Elasticsearch always crashes with query aggregations

Hello!

We are integrating ES [2.4.0] with a new application. The application is distributed in an appliance with 32 CPUs and 64Gb of RAM. It collects different types of logs. In a normal installation we have 15Gb of data per day.
The application uses a lot of aggregation queries. This makes ES crash very often. We tried several node configurations.
First, we use 2 nodes with 16GB of heap for each, but it would crash when we tried to launch several queries (for a dashboard) at the same time.
Following other configuration instructions we created a master node and a client node with no data, and two data nodes, but it didn’t solve our problem.
We tried to create more nodes with less heap memory, but always had the same problem.
We changed the circuit braker and limited the field data cache with diferent values of the
indices.fielddata.cache.size and indices.breaker.fielddata.limit, but the node logs started to log lines like this
[2016-09-16 12:11:29,339][WARN ][monitor.jvm ] [node-1] [gc][old][784][203] duration [44.9s], collections [2]/[46.4s], total [44.9s]/[1.1h], memory [7.8gb]->[7.8gb]/[7.8gb], all_pools {[young] [1.4gb]->[1.4gb]/[1.4gb]}{[survivor] [190.8mb]->[191.2mb]/[191.3mb]}{[old] [6.1gb]->[6.1gb]/[6.1gb]}
After serveral lines, the node started to crash, after that it had an OutOfMemory error and the node died and disappeared from the cluster.
What are we doing wrong? What is the best approach for our problem? What can we do to prevent the cluster from becoming red?

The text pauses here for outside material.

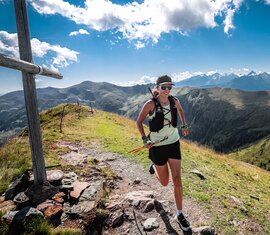 rail runner passes a wooden cross on a mountain trail, with an alpine mountain landscape in the background. | © SalzburgerLand Tourismus © Foto Philipp Freund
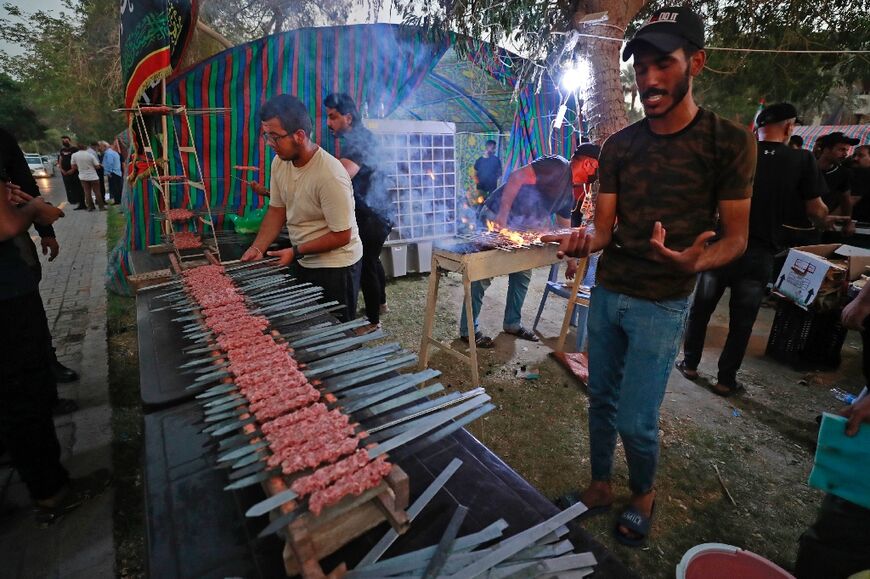 In the rival camp, volunteers prepare skewers of meat for supporters of the pro-Iran Coordination Framework alliance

We need to make the sistem more resilient.

We tried four/three shards and one replica.

Thx!

Can you show us the log where it crashed?

What JVM and OS are you using?
What does the mapping look like?
What are the aggs?
What is the node config?
How much data do you have?
How many indices, shards?

Hello!
What JVM and OS are you using?
We'r using Centos 7
java version "1.8.0_45"
Java(TM) SE Runtime Environment (build 1.8.0_45-b14)
Java HotSpot(TM) 64-Bit Server VM (build 25.45-b02, mixed mode)**

What does the mapping look like?
{
"http_template" : {
"order" : 0,
"template" : "http*",
"settings" : {
"index" : {
"analysis" : {
"analyzer" : {
"string_analyzer" : {
"filter" : [ "lowercase", "asciifolding" ],
"tokenizer" : "keyword"
}
}
},
"number_of_shards" : "4",
"number_of_replicas" : "1"
}
},
"mappings" : {
"default" : {
"dynamic_templates" : [ {
"string_template" : {
"mapping" : {
"analyzer" : "string_analyzer",
"type" : "string"
},
"match_mapping_type" : "string",
"match" : "*"
}
} ],
"_all" : {
"enabled" : false
}
}
},
"aliases" : { }
}
}

What are the aggs?
We have many different aggs, one example is:
{
"size": 0,
"query": {
"filtered": {
"filter": {
"bool": {
"must": [
{
"range": {
"fireEventDate": {
"from": "{{startDate}}",
"to": "{{endDate}}",
"include_lower": true,
"include_upper": false
}
}
}
]
}
}
}
},
"aggregations": {
"host": {
"terms": {
"field": "host",
"size": 0,
"order": {
"_term": "asc"
}
},
"aggregations": {
"ipDst": {
"terms": {
"field": "ipDst",
"size": 0,
"order": {
"_term": "asc"
}
},
"aggregations": {
"country": {
"terms": {
"field": "country",
"size": 0,
"order": {
"_term": "asc"
}
},
"aggregations": {
"min": {
"min": {
"field": "fireEventDate"
}
},
"max": {
"max": {
"field": "fireEventDate"
}
}
}
}
}
}
}
}
}
}

What is the node config?
...
cluster.name: myApp
node.name: node-1
path.data: /var/custom/elastic/data
bootstrap.mlockall: true

http.port: 9201
transport.tcp.port: 9301

discovery.zen.ping.unicast.hosts: ["127.0.0.1:9399"]
discovery.zen.ping.multicast.enabled: false

script.inline: true
script.indexed: true

cluster.routing.allocation.disk.threshold_enabled: True
cluster.routing.allocation.disk.watermark.low: 30gb
cluster.routing.allocation.disk.watermark.high: 20gb

indices.fielddata.cache.size: 75%
indices.breaker.fielddata.limit: 85%

node.master: false
node.data: true
http.enabled: false

We tried too without cache.size and limit or with very low percentage
indices.fielddata.cache.size: 10%
indices.breaker.fielddata.limit: 15%

We tried two data nodes with 16GB the heap or four data nodes with 6GB or 8GB for the heap
We have one dedcated master node with 1GB and one dedicated client node. We tried 1G to 8GB of RAM for the dedicated client

How much data do you have? How many indices, shards?
We have two log types (http and DNS), we create one index per day (with about 80.000.000 hits and 15GB per index, sometimes is less),
but we tried diffferent configurations with similar results:

  • 3 Shards and one replica for index, 1 index per day (about 20GB-30GB per index)
  • 4 Shards and one replica for index, 1 index per day (about 20GB-30GB per index)
  • 5 Shards and one replica for index, 1 index per day (about 20GB-30GB per index)
  • 3 Shards and one replica for index, 4 index per day (about 5GB-6GB per index)
  • 4 Shards and one replica for index, 4 index per day (about 5GB-6GB per index)
  • 4 Shards and one replica for index, 24 index per day (about 1GB per index)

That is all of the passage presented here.